A-0749 (a)(2) The hospital infection prevention and control program, as documented in its policies and procedures, employs methods for preventing and controlling the transmission of infections within the hospital and between the hospital and other institutions and settings. Based on observations, document reviews, and interviews, the facility failed to ensure a functional and sanitary environment for surgical services to avoid sources and transmission of infections and communicable diseases. Specifically, the facility failed to ensure surgical instruments were processed in accordance with facility policies and manufacturer instructions for use (IFU) in one of one observations in the emergency department (ED).

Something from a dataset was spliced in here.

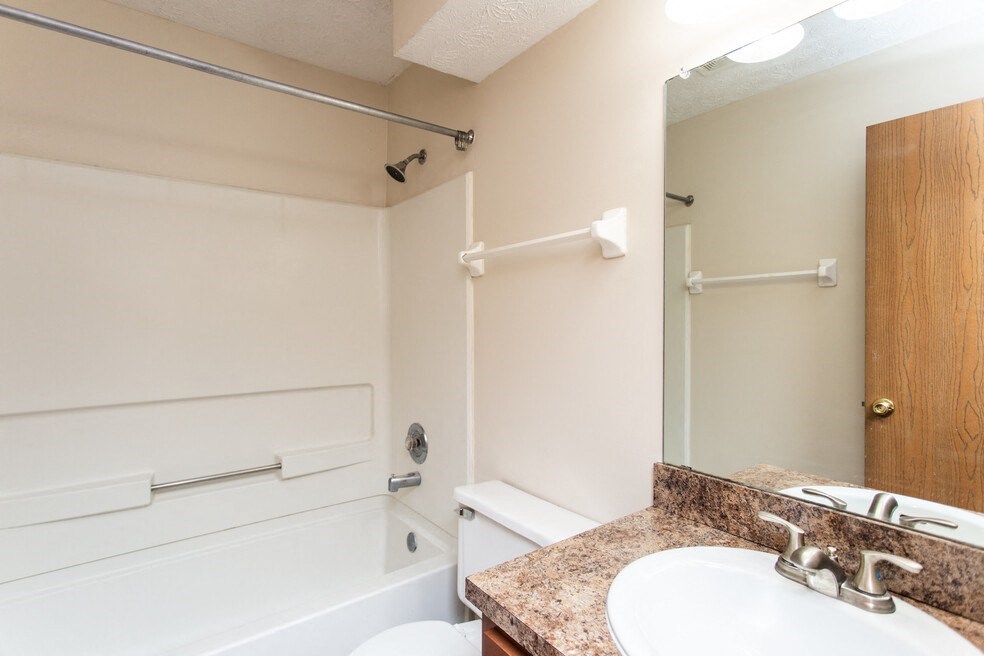 a bathroom with a sink and a tub and a mirror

Based on observations, document reviews, and interviews, the facility failed to ensure a functional and sanitary environment for surgical services to avoid sources and transmission of infections and communicable diseases. Specifically, the facility failed to ensure surgical instruments were processed in accordance with facility policies and manufacturer instructions for use (IFU) in one of one observations in the emergency department (ED).

Findings include:

Facility policy:

The Sterile Processing Procedures policy read, items to be sterilized must be cleaned, inspected, decontaminated, sterilized, and stored in a controlled environment. For instrument cleaning and decontamination, the following steps must be followed: Refer to the manufacturer ' s instructions or guidelines for specific care instructions for each instrument prior to proceeding. All objects to be sterilized must first be thoroughly cleaned to remove all bioburden and other residue. Soiled objects shall be placed in a designated covered container and sprayed with an enzymatic foam or gel at the point of use. The items will then be taken to the Sterile Processing Department for reprocessing or cleaned in the OR decontamination room if applicable.

References:

According to the Association for the Advancement of Medical Instrumentation (AAMI) Sterile Processing - Manufacturer ' s Instructions; the manufacturer ' s written IFU for the cleaning and sterilization of surgical instruments should be read, understood, and followed by those responsible for processing the instrument. The cleaning process should be audited to ensure that the procedures being used comply with the manufacturer ' s written IFU and that the personnel performing cleaning procedures have received documented training and have demonstrated competency in the cleaning process.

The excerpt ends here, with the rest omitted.